DATA SEGMENT -
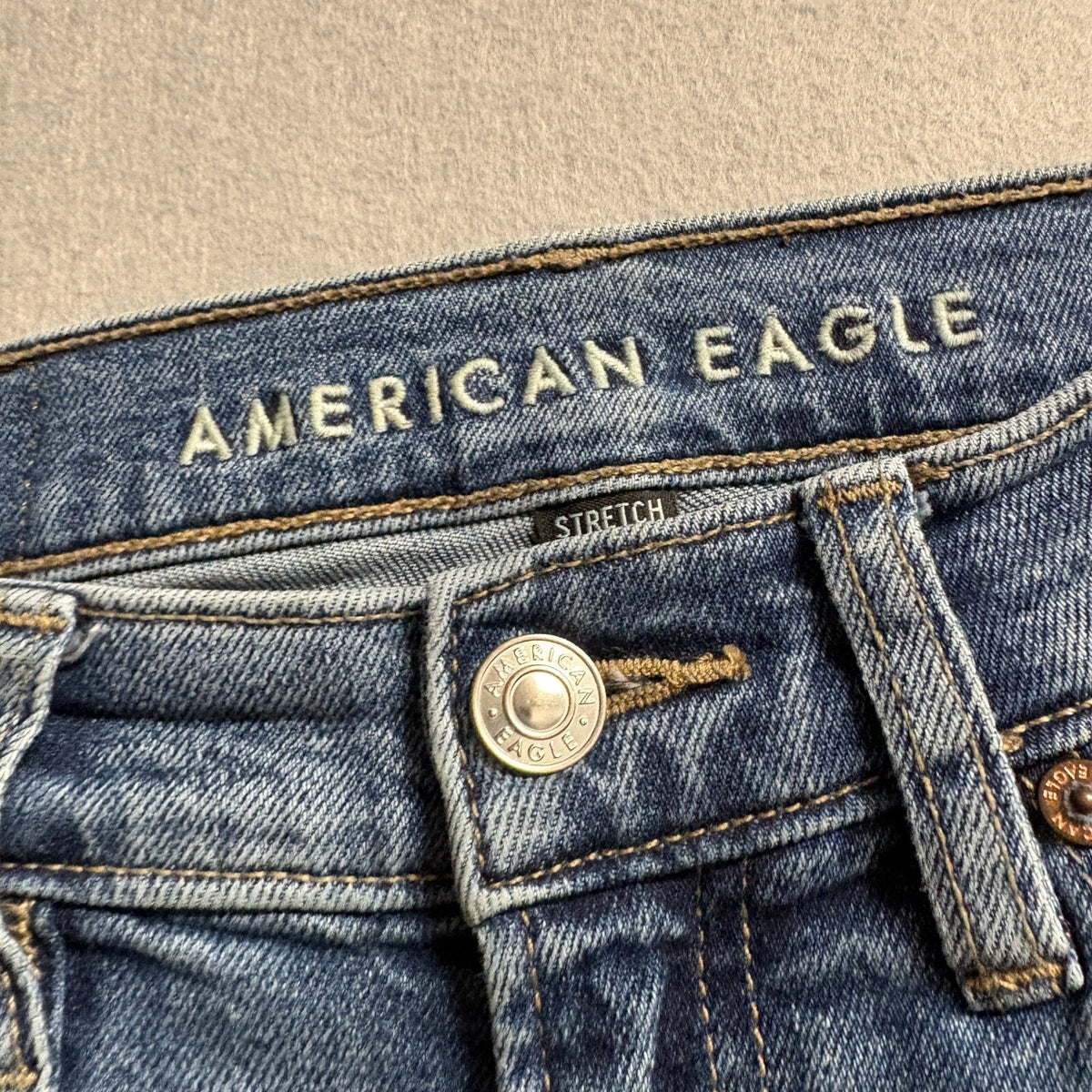 American Eagle 90s Skinny Jeans Womens 00 Short Blue Denim Stretch High Rise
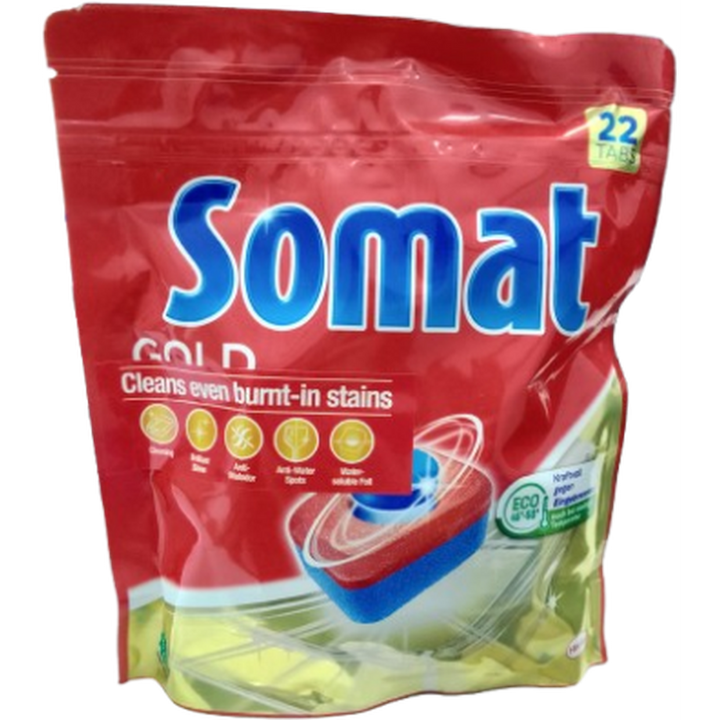 SOMAT GOLD CLEANS EVEN BRUNT-IN STAINS 22 TABS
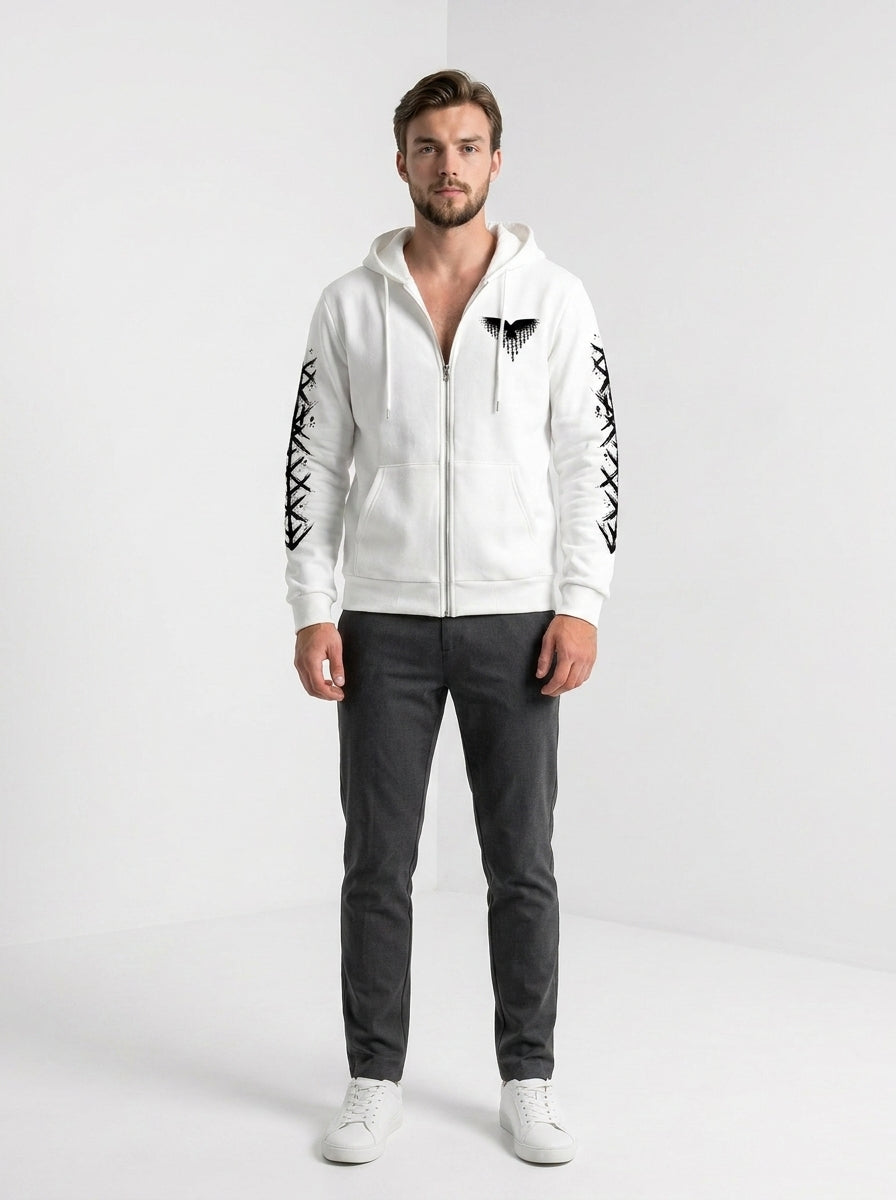 FM - Graphic Print Full Zip Hoodie With Hood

PROBLEM TO WORK ON - Leave the pictures out and output the rest of the data word for word.

EXERCISE RESULT -
 American Eagle 90s Skinny Jeans Womens 00 Short Blue Denim Stretch High Rise
 SOMAT GOLD CLEANS EVEN BRUNT-IN STAINS 22 TABS
 FM - Graphic Print Full Zip Hoodie With Hood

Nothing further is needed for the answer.